◆ **Dataset entries**:
--------

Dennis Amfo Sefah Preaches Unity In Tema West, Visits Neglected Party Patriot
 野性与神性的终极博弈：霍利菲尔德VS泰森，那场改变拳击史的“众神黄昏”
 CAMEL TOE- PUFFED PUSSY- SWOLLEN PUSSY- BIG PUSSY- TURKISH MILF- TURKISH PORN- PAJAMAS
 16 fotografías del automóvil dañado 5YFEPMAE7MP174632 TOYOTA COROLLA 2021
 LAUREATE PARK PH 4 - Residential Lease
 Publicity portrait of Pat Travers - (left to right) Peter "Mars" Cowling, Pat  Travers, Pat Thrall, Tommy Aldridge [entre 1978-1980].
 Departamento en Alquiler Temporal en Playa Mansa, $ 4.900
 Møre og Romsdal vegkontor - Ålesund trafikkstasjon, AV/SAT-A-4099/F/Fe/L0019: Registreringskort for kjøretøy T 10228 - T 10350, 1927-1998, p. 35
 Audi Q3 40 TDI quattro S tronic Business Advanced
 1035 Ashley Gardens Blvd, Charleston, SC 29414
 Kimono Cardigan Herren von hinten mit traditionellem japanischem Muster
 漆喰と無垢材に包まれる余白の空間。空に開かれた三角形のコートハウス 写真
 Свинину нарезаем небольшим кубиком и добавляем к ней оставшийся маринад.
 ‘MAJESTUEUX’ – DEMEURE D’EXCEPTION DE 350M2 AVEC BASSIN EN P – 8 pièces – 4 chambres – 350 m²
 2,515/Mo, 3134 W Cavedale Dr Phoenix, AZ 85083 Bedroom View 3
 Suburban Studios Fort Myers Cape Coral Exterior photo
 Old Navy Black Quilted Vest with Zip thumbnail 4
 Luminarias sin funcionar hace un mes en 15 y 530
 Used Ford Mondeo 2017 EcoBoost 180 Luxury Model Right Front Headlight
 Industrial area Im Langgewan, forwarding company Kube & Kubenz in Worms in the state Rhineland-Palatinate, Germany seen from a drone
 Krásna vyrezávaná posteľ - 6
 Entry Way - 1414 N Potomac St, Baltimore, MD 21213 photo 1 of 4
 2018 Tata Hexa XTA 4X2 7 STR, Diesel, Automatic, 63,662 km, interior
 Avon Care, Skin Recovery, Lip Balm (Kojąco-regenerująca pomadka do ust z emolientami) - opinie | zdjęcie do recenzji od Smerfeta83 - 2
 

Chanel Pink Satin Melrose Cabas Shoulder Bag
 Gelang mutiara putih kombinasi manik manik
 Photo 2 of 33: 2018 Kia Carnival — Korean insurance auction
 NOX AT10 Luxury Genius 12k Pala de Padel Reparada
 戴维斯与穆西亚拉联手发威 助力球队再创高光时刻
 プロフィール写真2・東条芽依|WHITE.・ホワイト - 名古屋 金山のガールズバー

--------

◆ **What you are asked to do**:
Copy out only the lines running from the beginning of the data to the line with "Krásna vyrezávaná posteľ - 6", both ends included.

◆ **Task answer**:
Dennis Amfo Sefah Preaches Unity In Tema West, Visits Neglected Party Patriot
 野性与神性的终极博弈：霍利菲尔德VS泰森，那场改变拳击史的“众神黄昏”
 CAMEL TOE- PUFFED PUSSY- SWOLLEN PUSSY- BIG PUSSY- TURKISH MILF- TURKISH PORN- PAJAMAS
 16 fotografías del automóvil dañado 5YFEPMAE7MP174632 TOYOTA COROLLA 2021
 LAUREATE PARK PH 4 - Residential Lease
 Publicity portrait of Pat Travers - (left to right) Peter "Mars" Cowling, Pat  Travers, Pat Thrall, Tommy Aldridge [entre 1978-1980].
 Departamento en Alquiler Temporal en Playa Mansa, $ 4.900
 Møre og Romsdal vegkontor - Ålesund trafikkstasjon, AV/SAT-A-4099/F/Fe/L0019: Registreringskort for kjøretøy T 10228 - T 10350, 1927-1998, p. 35
 Audi Q3 40 TDI quattro S tronic Business Advanced
 1035 Ashley Gardens Blvd, Charleston, SC 29414
 Kimono Cardigan Herren von hinten mit traditionellem japanischem Muster
 漆喰と無垢材に包まれる余白の空間。空に開かれた三角形のコートハウス 写真
 Свинину нарезаем небольшим кубиком и добавляем к ней оставшийся маринад.
 ‘MAJESTUEUX’ – DEMEURE D’EXCEPTION DE 350M2 AVEC BASSIN EN P – 8 pièces – 4 chambres – 350 m²
 2,515/Mo, 3134 W Cavedale Dr Phoenix, AZ 85083 Bedroom View 3
 Suburban Studios Fort Myers Cape Coral Exterior photo
 Old Navy Black Quilted Vest with Zip thumbnail 4
 Luminarias sin funcionar hace un mes en 15 y 530
 Used Ford Mondeo 2017 EcoBoost 180 Luxury Model Right Front Headlight
 Industrial area Im Langgewan, forwarding company Kube & Kubenz in Worms in the state Rhineland-Palatinate, Germany seen from a drone
 Krásna vyrezávaná posteľ - 6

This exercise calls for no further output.